Third batter comes to the plate. He swings on his first pitch and it pops high, right between my three children – playing first, pitcher and 2nd base. Sam has the best angle on it, but JB and Risa refuse to back off. Sam’s calling it, the ball’s descending perfectly into his glove and still JB and Risa won’t back off. Just as the ball is landing in the pocket of Sam’s glove the other two collide into him. Rather than find Sam’s pocket, the ball bounces off its tip. Sam frantically tries to re-snag it on its way down, but gets caught in the tangled arms and legs of his siblings. The ball dribbles to the ground. And in the same instant, the winds of winning shifted against us.
We fought hard, kept our heads up, but lost the game 5-6. There was no pouting, no throwing gloves on the ground, no refusing to shake hands. There was crying, of course, my own including – although fortunately I had the gulping power to keep it down until we got home and had put everyone to bed. As Superman told his players at the end of game huddle, “Hey, you didn’t lose that game. They just happened to win.”
My late night Thursday crying came from some different well, however. My mind kept reliving that perfect storm play. And deep, three year-old grief just boiled to the surface like a sleeping geyser suddenly awake and insistent on spewing burning sulfur. It was the kind of uncontrollable weeping I used to lock myself in my bathroom for – especially after those difficult days where my youngest birth son seemed to take the brunt of my adopted son’s wounds. They are the same age – “artificial twining” I think they call it. This made Sam the perfect target; continually being confronted and frustrated by an angry, mournful child, who didn’t know how to do anything but fight for his place in the world.
I battled against bitterness in those days. Bitterness against children who were utterly incapable of choosing differently at the time. For whatever reason, watching them all collide on the field, flooded the cavities of my soul so hard fought for these past three years. Like the smell of Aqua Net or Baby Soft transports me to junior high, so did that night’s trifecta-collide place me squarely back to their early days home, though the similarities in the actions couldn’t have been more opposing.
We all recovered. The next day, while reading in my husband’s ugly red pleather chair, I overheard their little voices – not baseball giants anymore, just little children building lego ships. “Look at mine, Sam! Do you like it?” These ‘twins’ have become connected in that mysterious way only twins can understand.

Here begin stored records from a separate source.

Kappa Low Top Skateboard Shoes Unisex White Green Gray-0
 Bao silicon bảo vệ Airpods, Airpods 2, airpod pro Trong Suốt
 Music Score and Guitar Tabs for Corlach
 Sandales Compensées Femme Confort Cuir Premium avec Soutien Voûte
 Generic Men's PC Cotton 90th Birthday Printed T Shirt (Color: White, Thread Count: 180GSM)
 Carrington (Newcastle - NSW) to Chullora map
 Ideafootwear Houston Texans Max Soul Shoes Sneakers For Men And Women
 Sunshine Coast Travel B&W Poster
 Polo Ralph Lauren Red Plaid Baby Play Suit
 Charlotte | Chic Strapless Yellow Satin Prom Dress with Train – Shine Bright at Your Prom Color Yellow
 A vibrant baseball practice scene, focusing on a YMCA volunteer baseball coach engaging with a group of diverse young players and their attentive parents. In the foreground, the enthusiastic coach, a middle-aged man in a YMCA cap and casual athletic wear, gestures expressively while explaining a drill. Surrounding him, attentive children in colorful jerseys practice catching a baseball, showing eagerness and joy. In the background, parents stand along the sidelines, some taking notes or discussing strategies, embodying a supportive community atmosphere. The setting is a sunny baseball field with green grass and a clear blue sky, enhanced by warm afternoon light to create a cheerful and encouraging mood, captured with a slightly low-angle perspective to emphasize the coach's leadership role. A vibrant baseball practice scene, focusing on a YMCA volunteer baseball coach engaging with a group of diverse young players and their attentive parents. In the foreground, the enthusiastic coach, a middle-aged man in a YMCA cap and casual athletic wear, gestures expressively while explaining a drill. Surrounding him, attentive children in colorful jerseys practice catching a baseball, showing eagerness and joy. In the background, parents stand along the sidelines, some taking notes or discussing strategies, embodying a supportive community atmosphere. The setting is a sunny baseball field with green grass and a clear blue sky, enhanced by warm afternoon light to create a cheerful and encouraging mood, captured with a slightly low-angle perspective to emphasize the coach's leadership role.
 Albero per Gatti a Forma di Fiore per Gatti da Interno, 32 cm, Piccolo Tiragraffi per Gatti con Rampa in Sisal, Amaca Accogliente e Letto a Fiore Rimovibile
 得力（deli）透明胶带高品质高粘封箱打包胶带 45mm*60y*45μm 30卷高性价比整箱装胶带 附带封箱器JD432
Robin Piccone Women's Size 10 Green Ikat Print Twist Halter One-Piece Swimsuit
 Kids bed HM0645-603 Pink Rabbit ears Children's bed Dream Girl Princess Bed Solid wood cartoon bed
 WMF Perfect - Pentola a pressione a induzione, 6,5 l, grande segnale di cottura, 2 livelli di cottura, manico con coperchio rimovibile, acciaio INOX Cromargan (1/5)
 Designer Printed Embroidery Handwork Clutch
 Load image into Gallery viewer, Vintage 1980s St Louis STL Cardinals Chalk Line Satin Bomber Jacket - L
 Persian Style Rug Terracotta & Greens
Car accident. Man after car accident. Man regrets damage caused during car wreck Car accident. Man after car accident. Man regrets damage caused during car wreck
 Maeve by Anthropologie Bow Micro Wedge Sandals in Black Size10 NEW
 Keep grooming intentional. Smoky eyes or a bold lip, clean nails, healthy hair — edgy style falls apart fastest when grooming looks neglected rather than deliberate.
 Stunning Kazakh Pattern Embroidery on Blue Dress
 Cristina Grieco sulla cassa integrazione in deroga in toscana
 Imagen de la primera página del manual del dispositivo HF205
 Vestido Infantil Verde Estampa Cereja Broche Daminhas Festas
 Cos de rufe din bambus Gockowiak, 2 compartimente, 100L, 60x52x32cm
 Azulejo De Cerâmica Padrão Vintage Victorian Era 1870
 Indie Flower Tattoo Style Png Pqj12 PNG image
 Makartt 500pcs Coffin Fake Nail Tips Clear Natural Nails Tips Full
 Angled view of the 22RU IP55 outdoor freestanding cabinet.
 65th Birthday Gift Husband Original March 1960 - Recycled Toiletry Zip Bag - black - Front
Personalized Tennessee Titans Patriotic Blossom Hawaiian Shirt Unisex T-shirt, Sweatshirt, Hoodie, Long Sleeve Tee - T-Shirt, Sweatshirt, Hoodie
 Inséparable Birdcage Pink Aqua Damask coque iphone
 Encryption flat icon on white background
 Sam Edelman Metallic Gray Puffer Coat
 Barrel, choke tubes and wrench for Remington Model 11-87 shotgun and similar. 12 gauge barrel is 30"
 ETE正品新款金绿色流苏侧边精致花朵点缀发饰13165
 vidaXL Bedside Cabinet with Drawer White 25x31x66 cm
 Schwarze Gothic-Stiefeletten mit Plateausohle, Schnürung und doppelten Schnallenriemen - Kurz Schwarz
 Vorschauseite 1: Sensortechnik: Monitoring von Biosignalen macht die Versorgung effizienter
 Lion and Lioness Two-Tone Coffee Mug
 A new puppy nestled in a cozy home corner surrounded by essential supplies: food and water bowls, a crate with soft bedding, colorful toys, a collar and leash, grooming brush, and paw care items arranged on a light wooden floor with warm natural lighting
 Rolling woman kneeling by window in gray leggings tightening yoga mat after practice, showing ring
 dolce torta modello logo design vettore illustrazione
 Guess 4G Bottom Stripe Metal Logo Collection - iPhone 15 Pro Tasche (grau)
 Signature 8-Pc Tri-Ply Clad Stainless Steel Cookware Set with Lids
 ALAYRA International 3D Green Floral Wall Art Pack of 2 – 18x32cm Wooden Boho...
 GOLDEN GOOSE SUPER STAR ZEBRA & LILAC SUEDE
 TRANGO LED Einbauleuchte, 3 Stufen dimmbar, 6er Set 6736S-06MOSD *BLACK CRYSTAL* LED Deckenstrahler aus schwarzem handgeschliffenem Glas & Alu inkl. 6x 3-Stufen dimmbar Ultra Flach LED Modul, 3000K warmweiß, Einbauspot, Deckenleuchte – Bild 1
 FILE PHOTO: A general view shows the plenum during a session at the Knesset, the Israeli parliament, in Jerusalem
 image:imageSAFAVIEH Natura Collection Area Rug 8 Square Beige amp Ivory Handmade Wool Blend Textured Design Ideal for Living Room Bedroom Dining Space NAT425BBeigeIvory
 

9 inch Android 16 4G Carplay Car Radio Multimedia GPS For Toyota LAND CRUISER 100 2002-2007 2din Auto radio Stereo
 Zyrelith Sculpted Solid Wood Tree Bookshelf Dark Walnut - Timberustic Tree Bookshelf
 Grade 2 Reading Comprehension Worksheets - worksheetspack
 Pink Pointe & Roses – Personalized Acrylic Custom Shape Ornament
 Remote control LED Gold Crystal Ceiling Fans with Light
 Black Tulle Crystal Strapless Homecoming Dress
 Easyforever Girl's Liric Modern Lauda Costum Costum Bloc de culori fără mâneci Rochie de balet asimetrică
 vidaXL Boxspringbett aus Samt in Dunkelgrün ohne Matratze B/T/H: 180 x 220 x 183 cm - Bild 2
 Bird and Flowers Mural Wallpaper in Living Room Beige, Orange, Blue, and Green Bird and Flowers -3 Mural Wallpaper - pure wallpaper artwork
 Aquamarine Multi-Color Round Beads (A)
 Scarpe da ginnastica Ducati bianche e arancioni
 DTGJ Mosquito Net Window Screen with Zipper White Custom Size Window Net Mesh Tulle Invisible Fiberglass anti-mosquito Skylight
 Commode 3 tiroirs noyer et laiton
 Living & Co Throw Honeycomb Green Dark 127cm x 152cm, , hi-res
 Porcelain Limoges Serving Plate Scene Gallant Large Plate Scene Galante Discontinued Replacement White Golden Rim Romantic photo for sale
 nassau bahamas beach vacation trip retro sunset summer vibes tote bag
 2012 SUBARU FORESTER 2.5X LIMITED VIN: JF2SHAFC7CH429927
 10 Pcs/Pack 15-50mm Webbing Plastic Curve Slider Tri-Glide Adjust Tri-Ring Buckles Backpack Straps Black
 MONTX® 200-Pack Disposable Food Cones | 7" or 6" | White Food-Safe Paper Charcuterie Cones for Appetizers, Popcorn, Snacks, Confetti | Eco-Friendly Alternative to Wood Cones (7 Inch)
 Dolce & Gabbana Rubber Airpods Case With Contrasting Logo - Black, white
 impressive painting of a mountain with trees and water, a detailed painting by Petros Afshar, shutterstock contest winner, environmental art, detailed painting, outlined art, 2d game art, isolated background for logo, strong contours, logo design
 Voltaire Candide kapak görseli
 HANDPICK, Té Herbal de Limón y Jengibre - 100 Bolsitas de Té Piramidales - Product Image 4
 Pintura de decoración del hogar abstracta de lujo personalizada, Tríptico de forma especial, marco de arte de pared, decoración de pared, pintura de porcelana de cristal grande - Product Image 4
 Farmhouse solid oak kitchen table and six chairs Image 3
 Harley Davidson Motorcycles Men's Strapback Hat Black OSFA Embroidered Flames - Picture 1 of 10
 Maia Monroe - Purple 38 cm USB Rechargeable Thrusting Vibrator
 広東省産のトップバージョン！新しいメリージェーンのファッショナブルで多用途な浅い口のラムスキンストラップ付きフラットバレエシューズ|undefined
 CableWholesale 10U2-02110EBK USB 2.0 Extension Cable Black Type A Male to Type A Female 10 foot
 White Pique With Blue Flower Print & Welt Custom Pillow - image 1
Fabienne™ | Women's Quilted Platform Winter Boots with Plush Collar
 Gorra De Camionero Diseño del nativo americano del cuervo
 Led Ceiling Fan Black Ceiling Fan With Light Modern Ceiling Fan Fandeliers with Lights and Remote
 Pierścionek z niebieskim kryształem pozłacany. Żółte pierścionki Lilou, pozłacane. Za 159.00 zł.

Midget League Champions – Isaac with his winning hardware


On Sunday, my older son faced his own championship game. It was a defensive battle. More than once, I thought I was living Ground Hog Day. But in the end, they won. The ‘twins’ raced to Isaac and told him how happy they were for him; at least now we had a championship in the family! All I could do was giggle and smile and cry – again. Winning is sweet. It’s a wide satin bow tied neatly to the top of any present. Losing is horrible, causing chest constriction and flashing dark emotions not easily contained. But losing, I’m beginning to find, is where the greatest potential for victory lies.